DATA TO EXAMINE >>
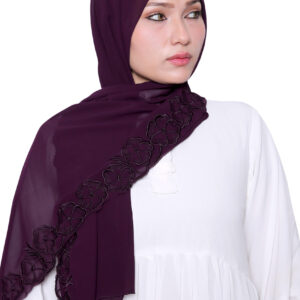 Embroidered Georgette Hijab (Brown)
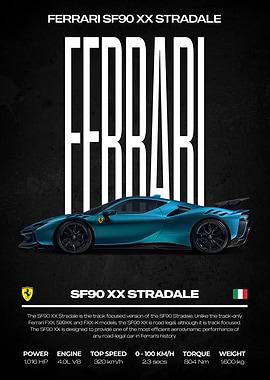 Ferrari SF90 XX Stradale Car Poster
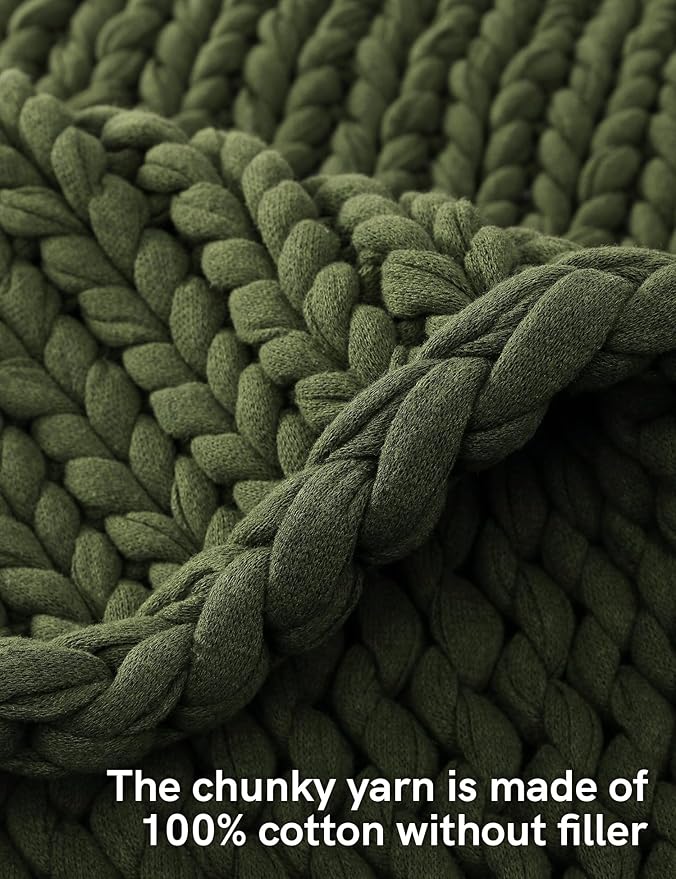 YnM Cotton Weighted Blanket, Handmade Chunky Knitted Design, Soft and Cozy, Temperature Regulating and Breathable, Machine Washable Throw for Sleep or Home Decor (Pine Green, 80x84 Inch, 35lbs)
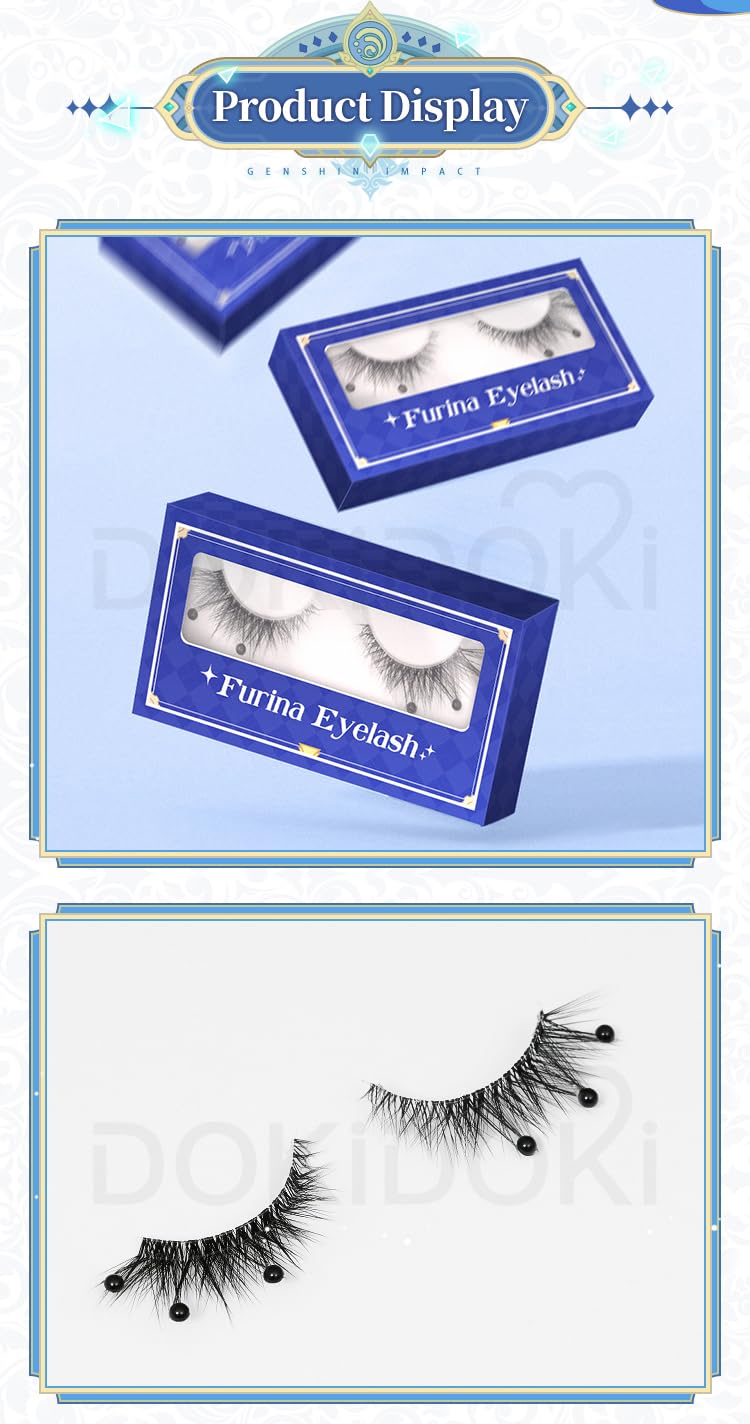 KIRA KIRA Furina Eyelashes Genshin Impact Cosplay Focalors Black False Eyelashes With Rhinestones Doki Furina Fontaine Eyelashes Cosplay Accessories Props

* * *

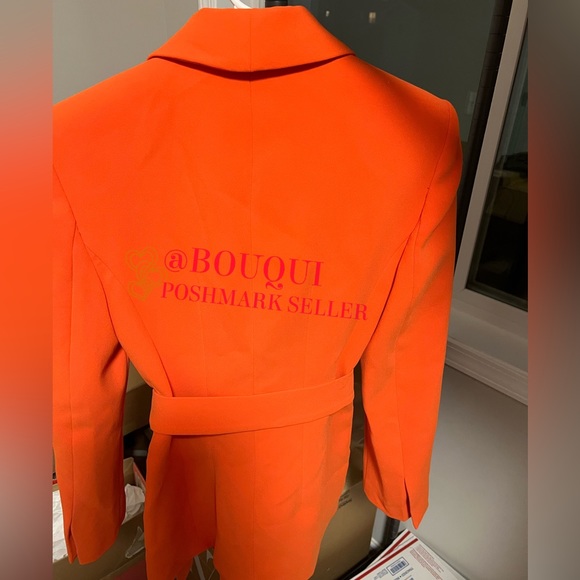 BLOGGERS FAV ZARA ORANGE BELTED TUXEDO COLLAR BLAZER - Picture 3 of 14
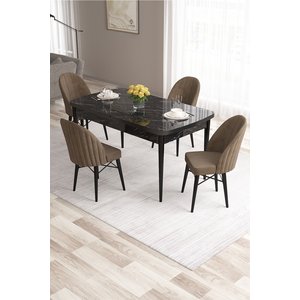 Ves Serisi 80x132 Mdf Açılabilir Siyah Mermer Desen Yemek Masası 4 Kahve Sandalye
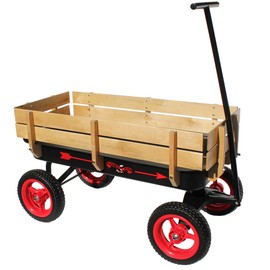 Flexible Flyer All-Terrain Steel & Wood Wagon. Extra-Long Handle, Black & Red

...

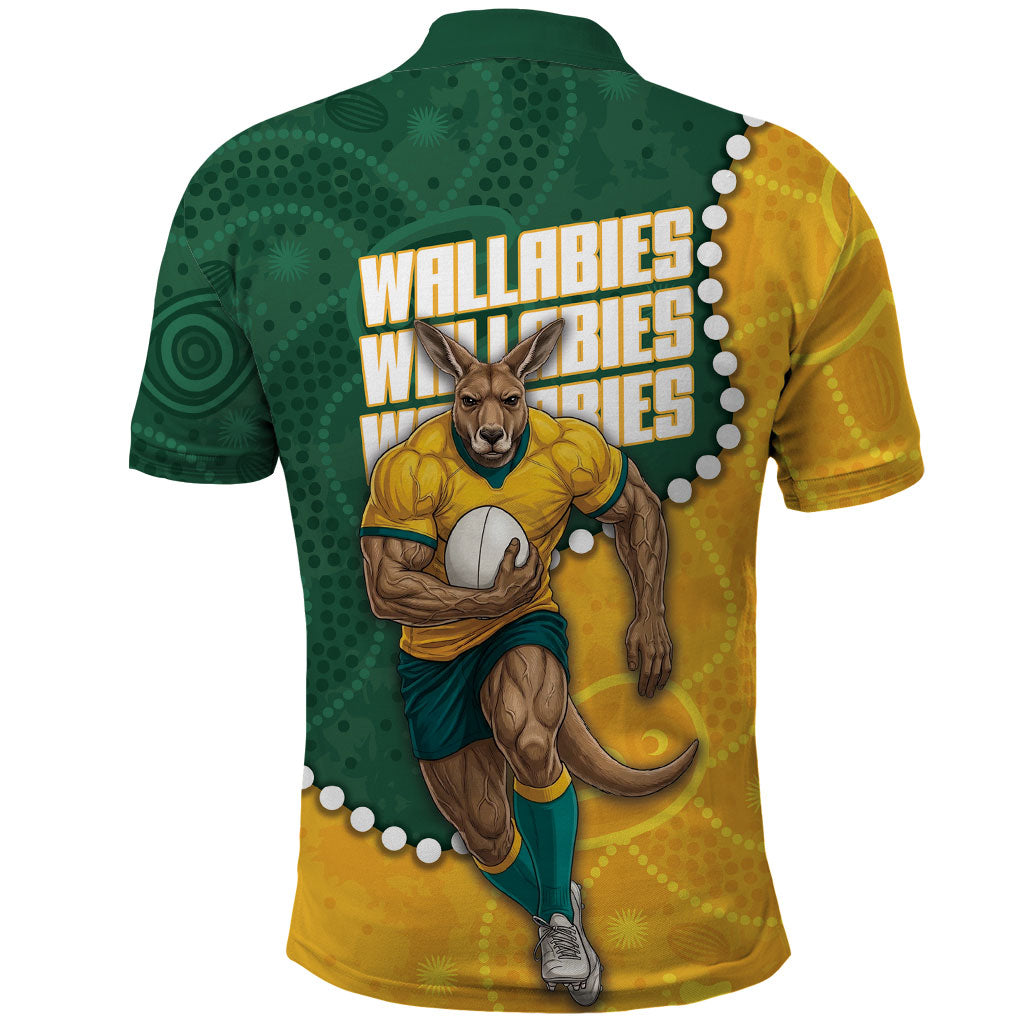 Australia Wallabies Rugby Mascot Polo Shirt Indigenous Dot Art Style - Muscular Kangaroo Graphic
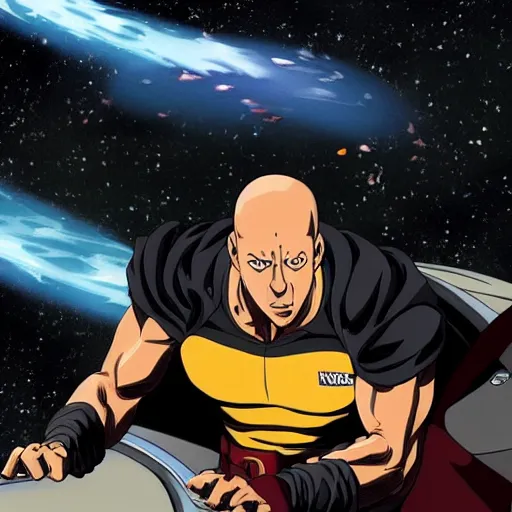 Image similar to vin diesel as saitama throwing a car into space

GOAL OF THE EXERCISE >> The line holding "Embroidered Georgette Hijab (Brown)" starts the copy and the line holding "KIRA KIRA Furina" ends it. Repeat those two lines above and all between them exactly, leaving out pictures.

REPLY >>
 Embroidered Georgette Hijab (Brown)
 Ferrari SF90 XX Stradale Car Poster
 YnM Cotton Weighted Blanket, Handmade Chunky Knitted Design, Soft and Cozy, Temperature Regulating and Breathable, Machine Washable Throw for Sleep or Home Decor (Pine Green, 80x84 Inch, 35lbs)
 KIRA KIRA Furina Eyelashes Genshin Impact Cosplay Focalors Black False Eyelashes With Rhinestones Doki Furina Fontaine Eyelashes Cosplay Accessories Props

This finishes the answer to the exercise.